(Stored items from a collection)
>>>

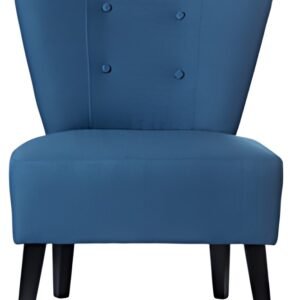 PAPERFLOW Fauteuil visiteur "Brighton", bleu / noir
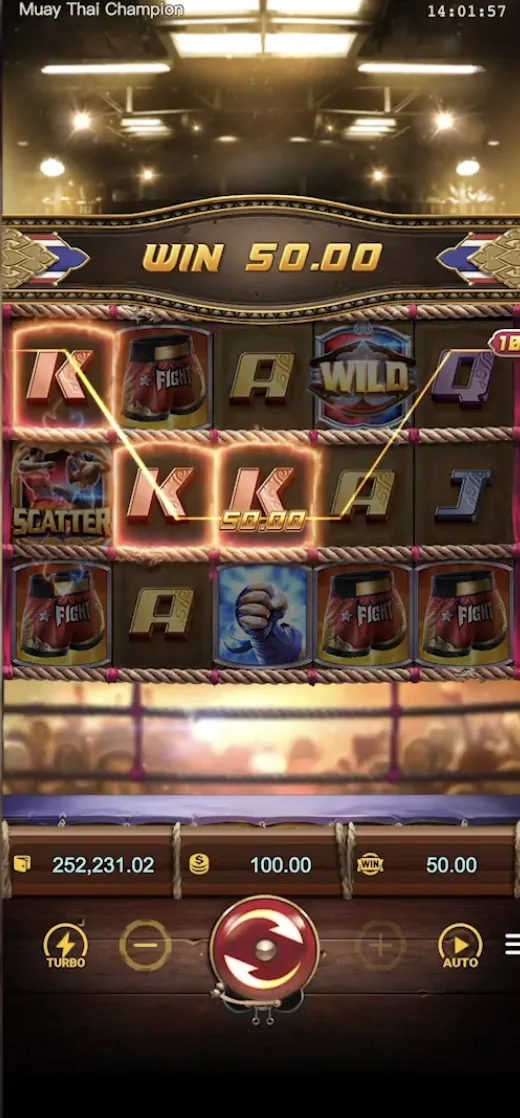 Muay Thai Champion (RTP 97.38%)
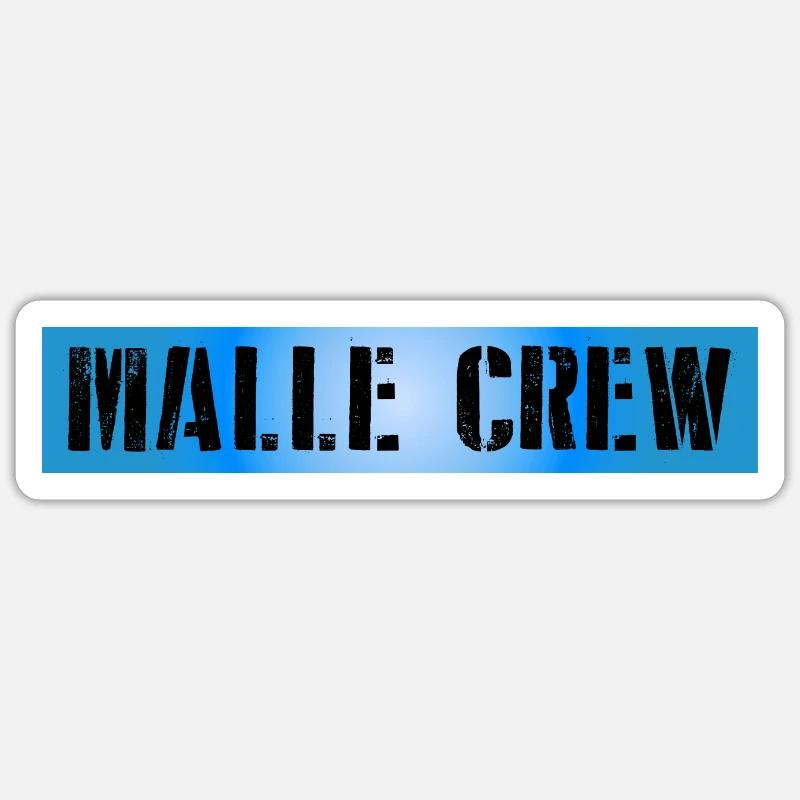 Équipage Malle - Sticker taille S (10 x 10 cm) - blanc mat
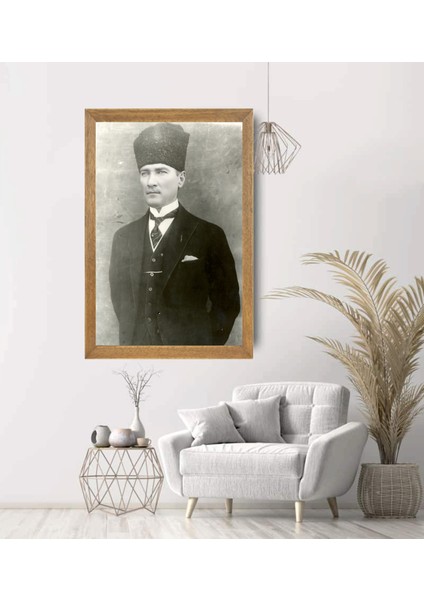 Mustafa Kemal Atatürk Tablo, Çerçeveli Cam Tablo 30X45 cm modelleri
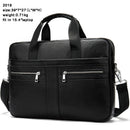 WESTAL Bag men's Genuine Leather briefcase Male man laptop bag natural Leather for men Messenger bags men's briefcases 2019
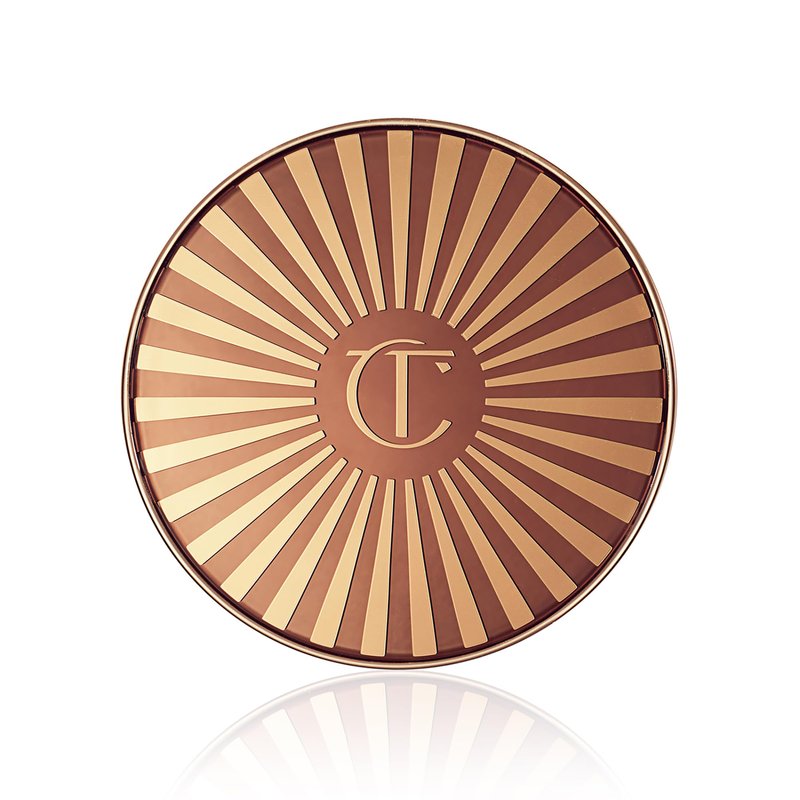 Charlotte Tilbury Beautiful Skin Face Makeup & Body Cream Bronzer - Hydrating Hyaluronic Acid & Pro Vitamin D3 to Blur for a Sun-Kissed Glow - Up to 16Hr Wear, Sweat & Humidity Proof - 3 Tan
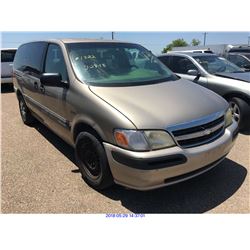 1998 - CHEVROLET VENTURE // TEXAS REGISTRATION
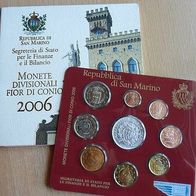 San Marino 2006 Münzsatz mit 5 Euro Silber #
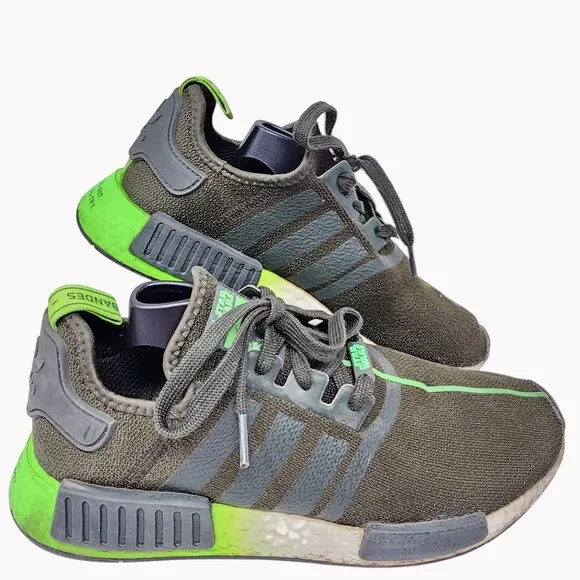 Adidas Star Wars Yoda NMD R1 Sneakers Mens Size 9.5 Green Black Limited Edition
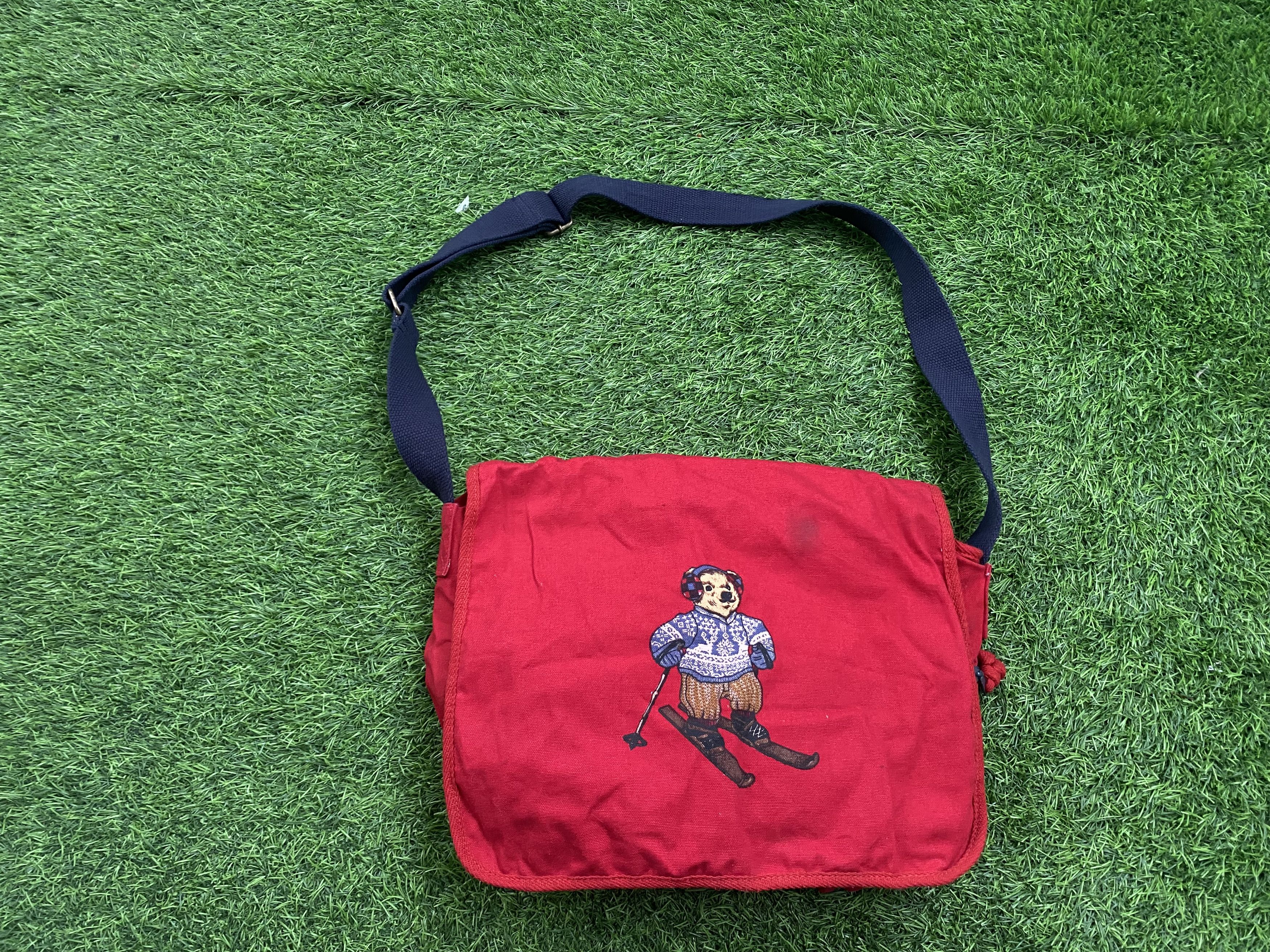 Polo Ralph Lauren x Ralph Lauren Vintage Polo Bear Ski Sling Bag in Red, Men's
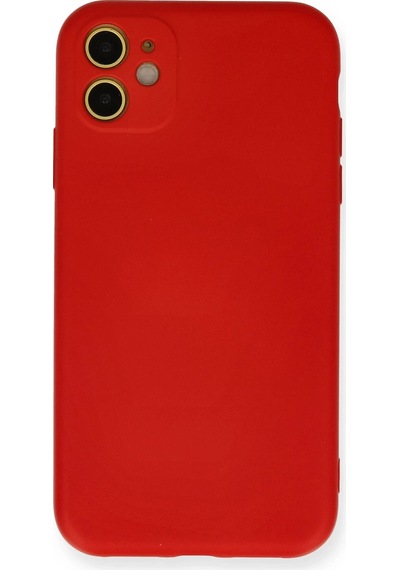 Newface - 26 - İphone 11 Kılıf Nano İçi Kadife Silikon - Matxzngz - - Kırmızı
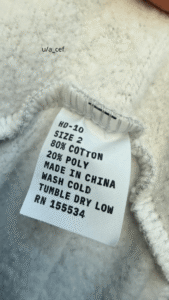 Yeezy Hoodie HD-10 Étiquette Taille 2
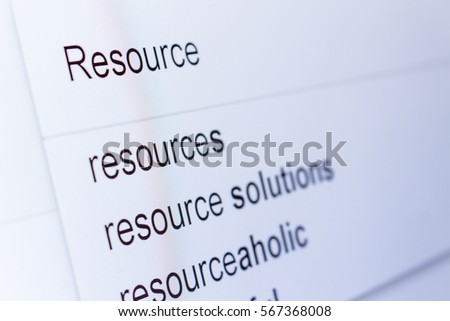 An internet search for information on Resource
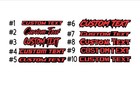 Personalized Text Name Logo Custom Car License Plate Frame 3d Laser Multicolor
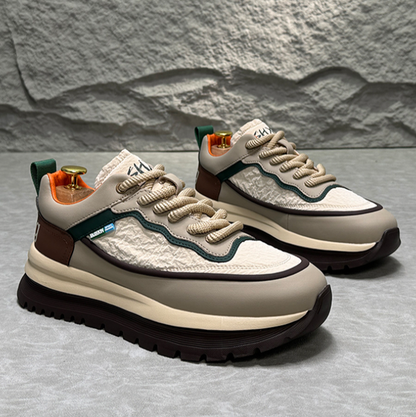 LACE-UP THICK SOLE SNEAKERS I-0191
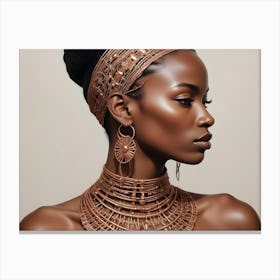 African Woman 4 Canvas Print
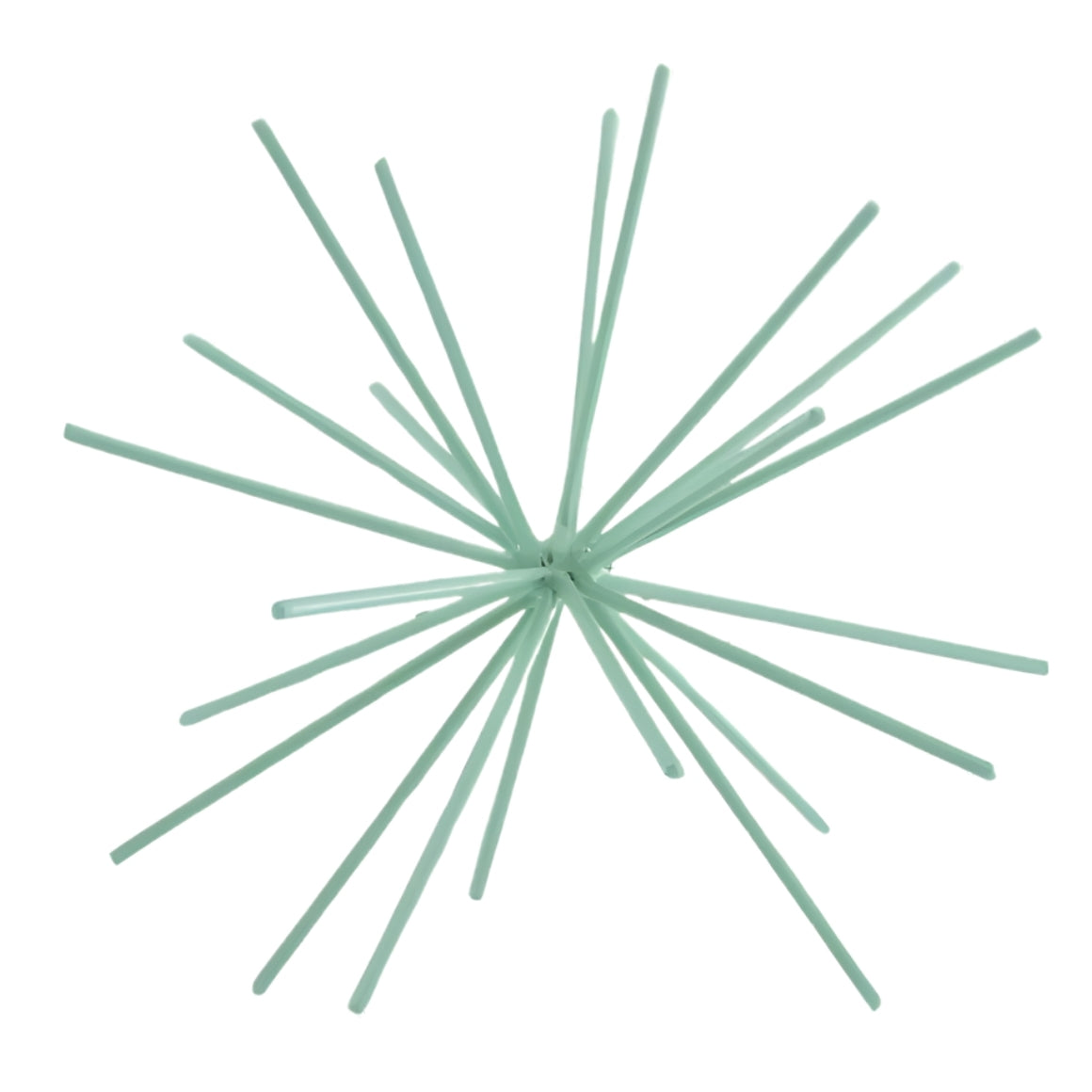 Housevitamin Ornament Firework Metal Mint Green 25 Cm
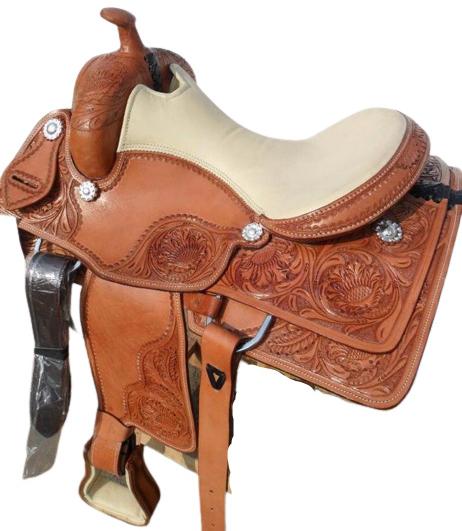 Leather Horse Western Roping Saddle, Size : 14x15Inch, 16x17Inch, 18x19Inch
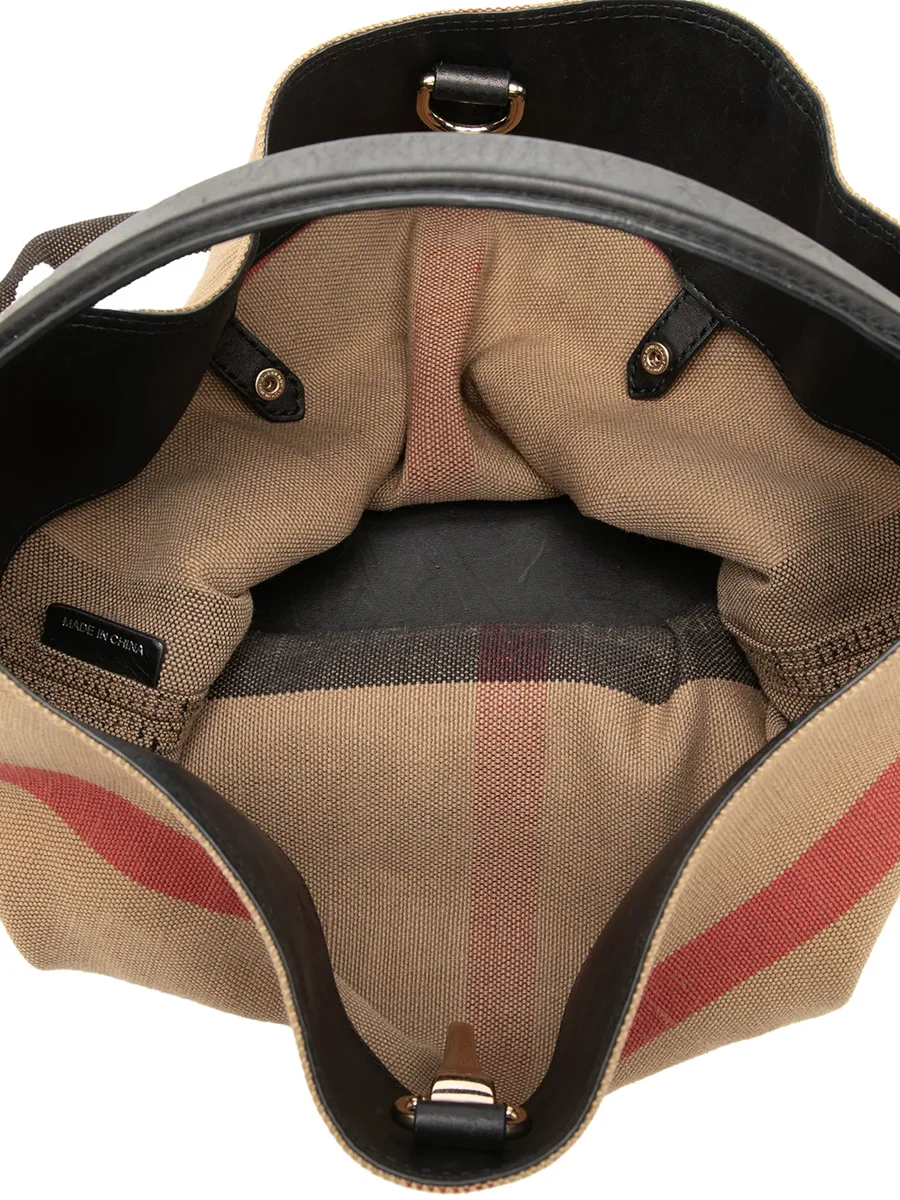 2015 House Check Canvas Ashby satchel 5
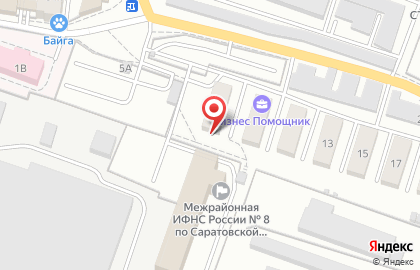 Юридическо-бухгалтерская компания СарБизнесПартнер в Кировском районе на карте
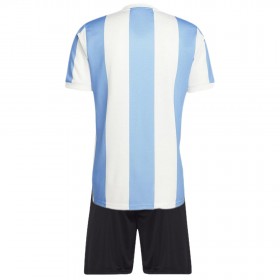 Fotbalový Komplet Argentina Anniversary Dětské 2024 Krátký Rukáv (+ trenýrky)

<<<

**Your instructions**
Transcribe, from the records above, the first line and every line after it up to and including the line with "Housevitamin Ornament Firework"; omit pictures.

**Response box**
 PAPERFLOW Fauteuil visiteur "Brighton", bleu / noir
 Muay Thai Champion (RTP 97.38%)
 Équipage Malle - Sticker taille S (10 x 10 cm) - blanc mat
 Mustafa Kemal Atatürk Tablo, Çerçeveli Cam Tablo 30X45 cm modelleri
 WESTAL Bag men's Genuine Leather briefcase Male man laptop bag natural Leather for men Messenger bags men's briefcases 2019
 Charlotte Tilbury Beautiful Skin Face Makeup & Body Cream Bronzer - Hydrating Hyaluronic Acid & Pro Vitamin D3 to Blur for a Sun-Kissed Glow - Up to 16Hr Wear, Sweat & Humidity Proof - 3 Tan
 1998 - CHEVROLET VENTURE // TEXAS REGISTRATION
 San Marino 2006 Münzsatz mit 5 Euro Silber #
 Adidas Star Wars Yoda NMD R1 Sneakers Mens Size 9.5 Green Black Limited Edition
 Polo Ralph Lauren x Ralph Lauren Vintage Polo Bear Ski Sling Bag in Red, Men's
 Newface - 26 - İphone 11 Kılıf Nano İçi Kadife Silikon - Matxzngz - - Kırmızı
 Yeezy Hoodie HD-10 Étiquette Taille 2
 An internet search for information on Resource
 Personalized Text Name Logo Custom Car License Plate Frame 3d Laser Multicolor
 LACE-UP THICK SOLE SNEAKERS I-0191
 African Woman 4 Canvas Print
 Housevitamin Ornament Firework Metal Mint Green 25 Cm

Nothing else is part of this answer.